*Required work*.
Print the data below exactly, but only the lines from the one containing "Kununurra Sep 2019" down to the one containing "Tổng thống Ukraine", inclusive.

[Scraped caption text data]
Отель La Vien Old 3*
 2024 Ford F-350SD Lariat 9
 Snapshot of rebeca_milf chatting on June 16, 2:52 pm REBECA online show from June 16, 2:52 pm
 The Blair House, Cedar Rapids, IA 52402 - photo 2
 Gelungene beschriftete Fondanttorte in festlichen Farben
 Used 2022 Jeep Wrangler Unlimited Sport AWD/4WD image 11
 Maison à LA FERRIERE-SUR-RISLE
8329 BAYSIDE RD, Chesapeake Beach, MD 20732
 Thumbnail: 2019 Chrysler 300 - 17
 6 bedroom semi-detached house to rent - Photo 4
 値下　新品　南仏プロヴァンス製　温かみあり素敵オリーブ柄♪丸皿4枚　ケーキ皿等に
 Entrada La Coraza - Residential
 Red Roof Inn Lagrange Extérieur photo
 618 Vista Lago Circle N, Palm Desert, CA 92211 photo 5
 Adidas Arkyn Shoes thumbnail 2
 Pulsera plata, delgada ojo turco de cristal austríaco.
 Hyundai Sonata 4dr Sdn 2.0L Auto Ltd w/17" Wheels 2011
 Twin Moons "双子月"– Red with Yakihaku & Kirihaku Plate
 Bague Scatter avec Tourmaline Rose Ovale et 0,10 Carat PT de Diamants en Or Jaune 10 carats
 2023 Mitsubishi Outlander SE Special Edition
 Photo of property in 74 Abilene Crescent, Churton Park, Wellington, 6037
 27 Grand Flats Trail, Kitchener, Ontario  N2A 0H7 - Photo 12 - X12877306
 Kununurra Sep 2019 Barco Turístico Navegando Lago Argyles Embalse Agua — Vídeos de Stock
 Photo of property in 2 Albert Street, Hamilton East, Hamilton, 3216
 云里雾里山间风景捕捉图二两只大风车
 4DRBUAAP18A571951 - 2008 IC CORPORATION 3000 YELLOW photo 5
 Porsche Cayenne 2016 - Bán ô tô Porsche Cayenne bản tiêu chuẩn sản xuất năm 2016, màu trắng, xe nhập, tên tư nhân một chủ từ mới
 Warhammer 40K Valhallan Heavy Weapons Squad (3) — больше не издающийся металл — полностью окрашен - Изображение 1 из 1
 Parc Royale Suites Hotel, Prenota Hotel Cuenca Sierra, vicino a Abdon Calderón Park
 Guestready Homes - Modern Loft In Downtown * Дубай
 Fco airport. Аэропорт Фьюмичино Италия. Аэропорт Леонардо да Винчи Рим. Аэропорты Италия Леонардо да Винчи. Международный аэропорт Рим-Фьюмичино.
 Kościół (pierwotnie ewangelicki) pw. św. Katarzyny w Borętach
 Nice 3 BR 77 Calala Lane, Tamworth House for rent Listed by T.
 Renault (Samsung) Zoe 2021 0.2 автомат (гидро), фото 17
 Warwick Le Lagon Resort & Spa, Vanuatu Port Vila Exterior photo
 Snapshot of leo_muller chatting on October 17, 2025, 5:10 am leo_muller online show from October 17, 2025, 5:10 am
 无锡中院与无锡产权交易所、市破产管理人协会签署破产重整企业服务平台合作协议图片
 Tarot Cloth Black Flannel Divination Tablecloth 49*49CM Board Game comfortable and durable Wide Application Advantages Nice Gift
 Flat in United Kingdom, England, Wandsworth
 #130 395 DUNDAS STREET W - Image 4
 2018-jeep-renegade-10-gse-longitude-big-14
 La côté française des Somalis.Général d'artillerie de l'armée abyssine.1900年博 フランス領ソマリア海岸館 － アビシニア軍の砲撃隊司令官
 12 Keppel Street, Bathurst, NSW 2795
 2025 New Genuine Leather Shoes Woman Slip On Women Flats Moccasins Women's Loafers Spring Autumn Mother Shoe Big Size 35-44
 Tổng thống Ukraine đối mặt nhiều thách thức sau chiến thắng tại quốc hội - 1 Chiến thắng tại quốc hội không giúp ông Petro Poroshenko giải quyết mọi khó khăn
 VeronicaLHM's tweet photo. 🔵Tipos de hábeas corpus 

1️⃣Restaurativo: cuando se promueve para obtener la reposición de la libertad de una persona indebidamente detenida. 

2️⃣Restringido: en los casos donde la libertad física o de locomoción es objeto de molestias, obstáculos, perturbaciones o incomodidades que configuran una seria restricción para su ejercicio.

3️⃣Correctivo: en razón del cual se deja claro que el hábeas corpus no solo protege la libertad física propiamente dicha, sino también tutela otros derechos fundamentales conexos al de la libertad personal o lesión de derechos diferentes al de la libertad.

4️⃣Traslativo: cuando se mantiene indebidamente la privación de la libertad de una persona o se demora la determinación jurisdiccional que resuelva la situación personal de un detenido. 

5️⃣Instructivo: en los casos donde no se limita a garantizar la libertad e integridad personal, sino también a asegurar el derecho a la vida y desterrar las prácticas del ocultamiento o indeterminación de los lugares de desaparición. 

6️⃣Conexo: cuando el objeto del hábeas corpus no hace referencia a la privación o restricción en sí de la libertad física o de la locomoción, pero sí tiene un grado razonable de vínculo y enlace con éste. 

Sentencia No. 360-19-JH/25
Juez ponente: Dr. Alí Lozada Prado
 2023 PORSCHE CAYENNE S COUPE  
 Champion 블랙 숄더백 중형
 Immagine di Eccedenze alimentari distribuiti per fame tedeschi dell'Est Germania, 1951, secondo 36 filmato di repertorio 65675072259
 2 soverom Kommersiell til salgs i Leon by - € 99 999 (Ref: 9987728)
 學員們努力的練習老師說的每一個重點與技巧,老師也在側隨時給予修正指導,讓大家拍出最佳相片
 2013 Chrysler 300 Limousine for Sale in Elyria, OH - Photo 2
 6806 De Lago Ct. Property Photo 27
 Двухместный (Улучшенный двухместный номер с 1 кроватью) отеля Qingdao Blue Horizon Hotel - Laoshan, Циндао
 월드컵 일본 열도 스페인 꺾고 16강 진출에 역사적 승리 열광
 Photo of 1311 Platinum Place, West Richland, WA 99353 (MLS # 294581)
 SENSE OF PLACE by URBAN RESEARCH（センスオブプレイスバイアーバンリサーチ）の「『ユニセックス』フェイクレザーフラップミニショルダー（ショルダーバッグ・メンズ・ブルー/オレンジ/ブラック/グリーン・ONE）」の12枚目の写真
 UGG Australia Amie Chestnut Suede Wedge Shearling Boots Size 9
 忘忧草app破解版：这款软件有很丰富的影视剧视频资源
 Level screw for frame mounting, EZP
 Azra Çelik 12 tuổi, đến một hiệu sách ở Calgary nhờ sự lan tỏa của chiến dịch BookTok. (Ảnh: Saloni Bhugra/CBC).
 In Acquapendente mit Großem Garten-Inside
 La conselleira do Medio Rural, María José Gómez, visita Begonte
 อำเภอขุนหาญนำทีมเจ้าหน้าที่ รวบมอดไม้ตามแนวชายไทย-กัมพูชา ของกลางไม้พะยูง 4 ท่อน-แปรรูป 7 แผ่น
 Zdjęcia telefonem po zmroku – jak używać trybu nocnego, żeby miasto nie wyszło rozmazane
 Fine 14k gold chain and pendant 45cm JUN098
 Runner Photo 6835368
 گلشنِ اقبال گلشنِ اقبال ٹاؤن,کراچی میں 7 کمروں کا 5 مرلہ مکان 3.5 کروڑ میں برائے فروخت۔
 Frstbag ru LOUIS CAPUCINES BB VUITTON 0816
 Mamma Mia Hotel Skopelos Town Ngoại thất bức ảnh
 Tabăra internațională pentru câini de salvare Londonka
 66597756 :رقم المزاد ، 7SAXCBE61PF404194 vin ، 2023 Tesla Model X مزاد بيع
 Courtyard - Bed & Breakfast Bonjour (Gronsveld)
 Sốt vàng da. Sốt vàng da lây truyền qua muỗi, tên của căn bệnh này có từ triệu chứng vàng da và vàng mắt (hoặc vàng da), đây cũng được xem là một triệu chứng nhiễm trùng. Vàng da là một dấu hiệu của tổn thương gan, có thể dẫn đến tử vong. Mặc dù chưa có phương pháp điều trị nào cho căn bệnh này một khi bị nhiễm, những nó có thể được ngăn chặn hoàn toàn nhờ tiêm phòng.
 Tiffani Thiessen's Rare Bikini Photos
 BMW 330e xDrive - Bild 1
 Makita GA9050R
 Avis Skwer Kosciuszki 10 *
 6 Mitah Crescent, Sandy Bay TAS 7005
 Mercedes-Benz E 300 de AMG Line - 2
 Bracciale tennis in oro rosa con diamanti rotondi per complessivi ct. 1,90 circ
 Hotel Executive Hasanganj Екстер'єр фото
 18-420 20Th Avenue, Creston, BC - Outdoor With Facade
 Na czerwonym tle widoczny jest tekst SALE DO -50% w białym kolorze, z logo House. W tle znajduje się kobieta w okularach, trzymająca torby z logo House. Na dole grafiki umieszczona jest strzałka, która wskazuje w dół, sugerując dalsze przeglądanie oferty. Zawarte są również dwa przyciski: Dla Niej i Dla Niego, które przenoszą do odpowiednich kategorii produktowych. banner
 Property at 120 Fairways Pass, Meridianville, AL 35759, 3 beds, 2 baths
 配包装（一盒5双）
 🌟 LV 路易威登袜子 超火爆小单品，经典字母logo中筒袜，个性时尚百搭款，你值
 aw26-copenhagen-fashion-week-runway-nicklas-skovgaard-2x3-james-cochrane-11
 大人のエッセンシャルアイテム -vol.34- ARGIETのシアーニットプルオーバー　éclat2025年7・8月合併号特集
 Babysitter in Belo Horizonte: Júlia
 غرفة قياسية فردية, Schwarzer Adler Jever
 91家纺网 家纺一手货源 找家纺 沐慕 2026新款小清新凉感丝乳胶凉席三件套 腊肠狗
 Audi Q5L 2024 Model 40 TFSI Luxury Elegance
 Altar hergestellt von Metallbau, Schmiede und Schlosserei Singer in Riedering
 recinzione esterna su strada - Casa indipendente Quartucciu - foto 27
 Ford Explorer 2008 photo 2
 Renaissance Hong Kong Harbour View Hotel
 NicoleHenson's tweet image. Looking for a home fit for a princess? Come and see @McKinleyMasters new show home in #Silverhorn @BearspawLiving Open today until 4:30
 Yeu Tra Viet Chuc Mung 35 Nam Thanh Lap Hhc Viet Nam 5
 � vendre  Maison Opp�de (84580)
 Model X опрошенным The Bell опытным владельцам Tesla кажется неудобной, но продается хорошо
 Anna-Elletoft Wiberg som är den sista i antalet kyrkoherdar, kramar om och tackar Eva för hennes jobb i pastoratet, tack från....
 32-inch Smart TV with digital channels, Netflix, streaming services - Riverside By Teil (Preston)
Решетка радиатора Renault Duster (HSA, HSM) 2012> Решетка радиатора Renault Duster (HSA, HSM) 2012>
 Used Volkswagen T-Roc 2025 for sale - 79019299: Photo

*Finished exercise*.
 Kununurra Sep 2019 Barco Turístico Navegando Lago Argyles Embalse Agua — Vídeos de Stock
 Photo of property in 2 Albert Street, Hamilton East, Hamilton, 3216
 云里雾里山间风景捕捉图二两只大风车
 4DRBUAAP18A571951 - 2008 IC CORPORATION 3000 YELLOW photo 5
 Porsche Cayenne 2016 - Bán ô tô Porsche Cayenne bản tiêu chuẩn sản xuất năm 2016, màu trắng, xe nhập, tên tư nhân một chủ từ mới
 Warhammer 40K Valhallan Heavy Weapons Squad (3) — больше не издающийся металл — полностью окрашен - Изображение 1 из 1
 Parc Royale Suites Hotel, Prenota Hotel Cuenca Sierra, vicino a Abdon Calderón Park
 Guestready Homes - Modern Loft In Downtown * Дубай
 Fco airport. Аэропорт Фьюмичино Италия. Аэропорт Леонардо да Винчи Рим. Аэропорты Италия Леонардо да Винчи. Международный аэропорт Рим-Фьюмичино.
 Kościół (pierwotnie ewangelicki) pw. św. Katarzyny w Borętach
 Nice 3 BR 77 Calala Lane, Tamworth House for rent Listed by T.
 Renault (Samsung) Zoe 2021 0.2 автомат (гидро), фото 17
 Warwick Le Lagon Resort & Spa, Vanuatu Port Vila Exterior photo
 Snapshot of leo_muller chatting on October 17, 2025, 5:10 am leo_muller online show from October 17, 2025, 5:10 am
 无锡中院与无锡产权交易所、市破产管理人协会签署破产重整企业服务平台合作协议图片
 Tarot Cloth Black Flannel Divination Tablecloth 49*49CM Board Game comfortable and durable Wide Application Advantages Nice Gift
 Flat in United Kingdom, England, Wandsworth
 #130 395 DUNDAS STREET W - Image 4
 2018-jeep-renegade-10-gse-longitude-big-14
 La côté française des Somalis.Général d'artillerie de l'armée abyssine.1900年博 フランス領ソマリア海岸館 － アビシニア軍の砲撃隊司令官
 12 Keppel Street, Bathurst, NSW 2795
 2025 New Genuine Leather Shoes Woman Slip On Women Flats Moccasins Women's Loafers Spring Autumn Mother Shoe Big Size 35-44
 Tổng thống Ukraine đối mặt nhiều thách thức sau chiến thắng tại quốc hội - 1 Chiến thắng tại quốc hội không giúp ông Petro Poroshenko giải quyết mọi khó khăn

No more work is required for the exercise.